こうしたプランに基づく法律改正によって既に,①や②に反する行為などに対する対応が強化されています。①~③に関するガイドラインが定められるとともに,人手不足や最低賃金の上昇等労務コストが中小企業でも上昇したことを踏まえて,下請け先と元請け先との代金決定の協議では行うよう求められています。また,手形での支払いも可能な限り現金で,割引料を下請け先に負担をさせない,支払いサイトを最大でも120日とする等の方策がとられています。
国による調査と対応の方向
去る平成29年6月4日に中小企業庁では,こうした方策や中小企業での長時間労働につながりかねない商慣行に関する調査と検討会を開いています。

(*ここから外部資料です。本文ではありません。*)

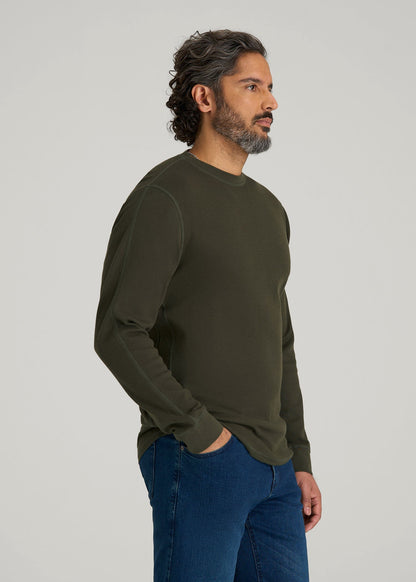 Double Honeycomb Thermal Crewneck for Tall Men in Dark Olive Green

① 「世耕プラン」に基づく支払い条件や取引価格,コスト負担に関する状況がどうなっているか
② 下請けに関する法令違反を取り締まる状況について各企業の認知度はどうなっているか
③ 製造業やサービス業での無理な納期設定,広告サービス業などでの残業が当然という風習の状況がどうなっているか
こうした中で③の中には下請・元請関係に留まらない中小企業での長時間労働を生み出す原因の調査もなされています。その中では,運送業での「待機時間」・理美容での「練習,訓練の時間」・飲食業などでの「24時間営業,その他長時間の営業」が問題点として把握されています。
このほか,この調査では全国各地の中小企業の中における小さな工夫で生産性を上げたケースの紹介がなされています。「働き方改革」に基づく一連の施策の中でも生産性の向上は大きなポイントの一つとされていますし,実際人手不足の中での生産性の向上は大きな課題となっています。
法律のほかに各種施策や調査の状況が各社の経営上参考になるかもしれません。こうした情報にアンテナを張っておくのは意味があることと思われます。